■ **Exercise description**:
From the first line to the last, restate the material word for word, omitting pictures.

■ **Provided data**:
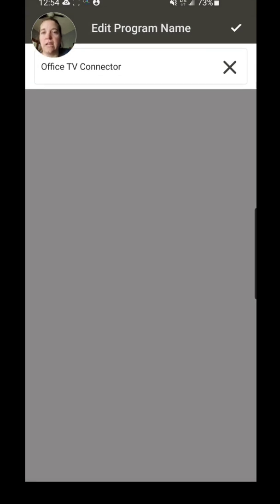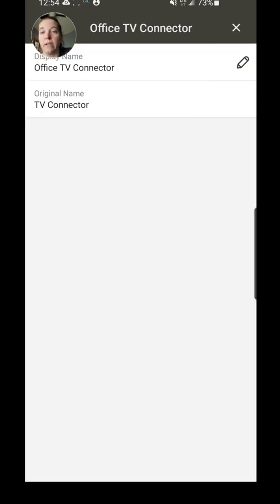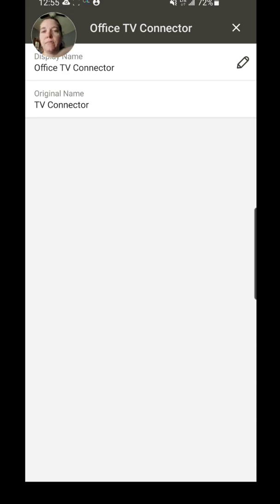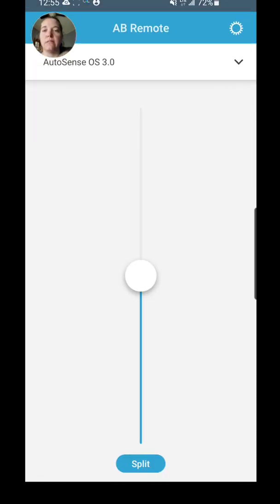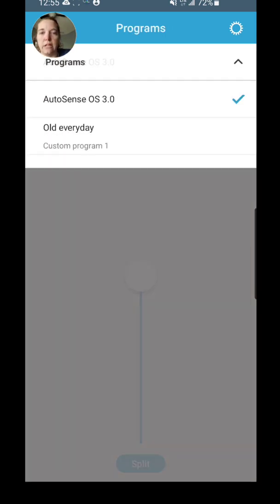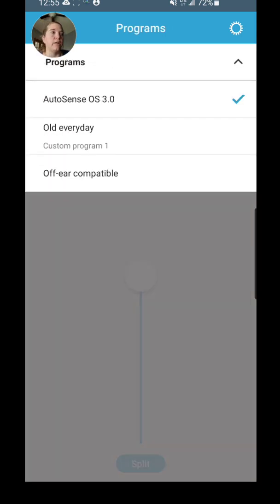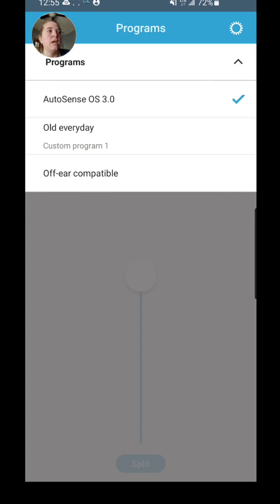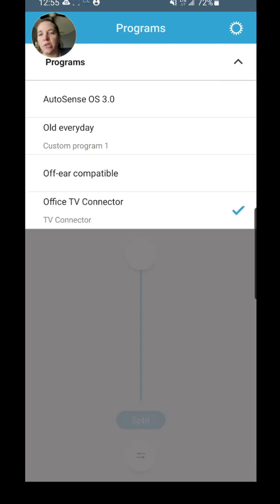You can change the name, and then once you've named it whatever you want it to be, then you'll be able to choose which option you want to be focused on or which program you want to be connected to. So I'll give you a little example here. I'm going to fire up my TV Connector because I have it here, and you'll see as soon as my TV Connector starts streaming, the option for that program pops up.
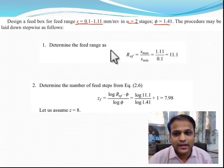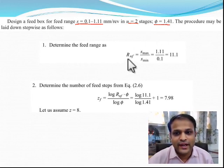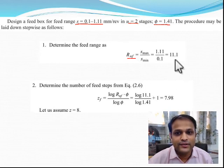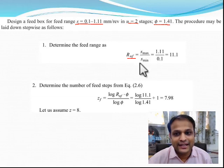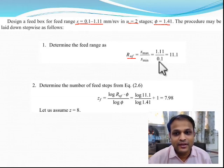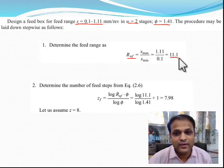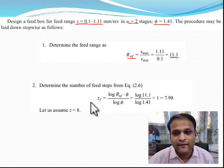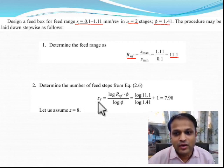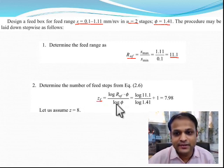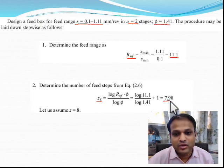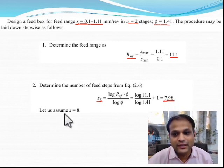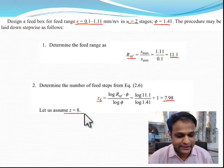We started off with the basics of finding the range ratio of the feed box by finding s_max and s_min, and the range ratio comes out to be 11.1. From this we found out the total number of speeds using this formula, which comes out to be 7.98 and z is assumed to be 8 speeds.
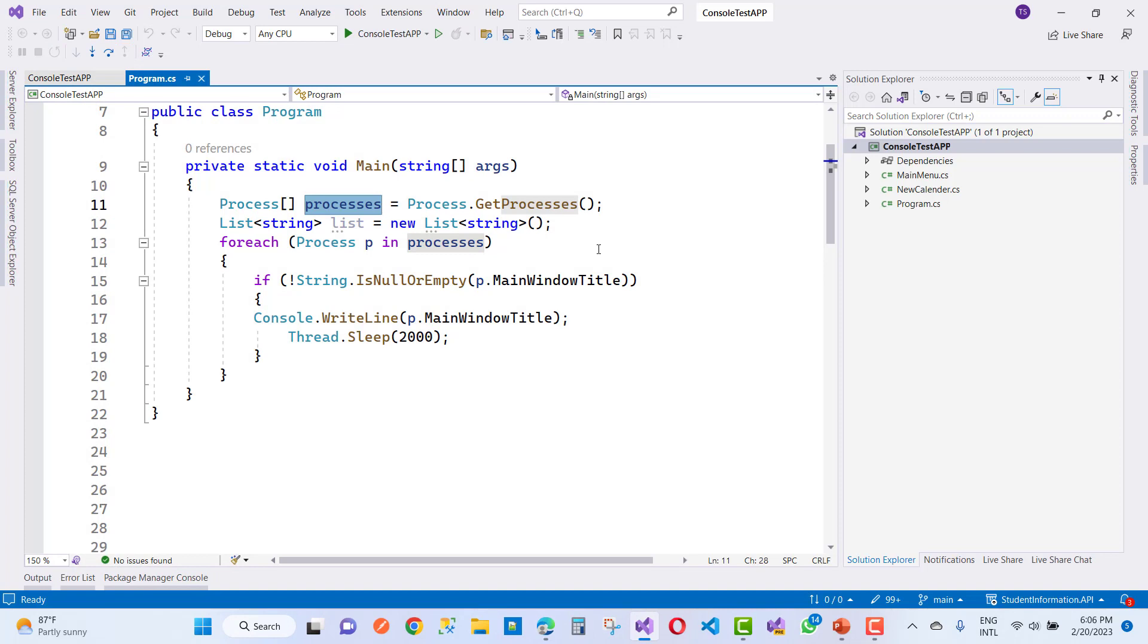These are all currently running processes in the system. Thank you guys for watching this video and keep watching all other videos related to C#. Thank you very much.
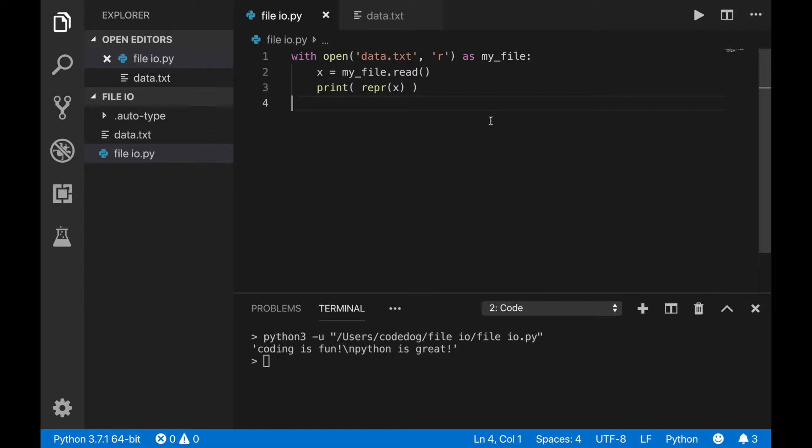If you think about it, since a string is just a list of letters, a text file is just a giant list of letters, and every line break, or enter, in that file is stored as a new line character, or backslash n.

■ **Solution**:
You can change the name, and then once you've named it whatever you want it to be, then you'll be able to choose which option you want to be focused on or which program you want to be connected to. So I'll give you a little example here. I'm going to fire up my TV Connector because I have it here, and you'll see as soon as my TV Connector starts streaming, the option for that program pops up.
We started off with the basics of finding the range ratio of the feed box by finding s_max and s_min, and the range ratio comes out to be 11.1. From this we found out the total number of speeds using this formula, which comes out to be 7.98 and z is assumed to be 8 speeds.
These are all currently running processes in the system. Thank you guys for watching this video and keep watching all other videos related to C#. Thank you very much.
If you think about it, since a string is just a list of letters, a text file is just a giant list of letters, and every line break, or enter, in that file is stored as a new line character, or backslash n.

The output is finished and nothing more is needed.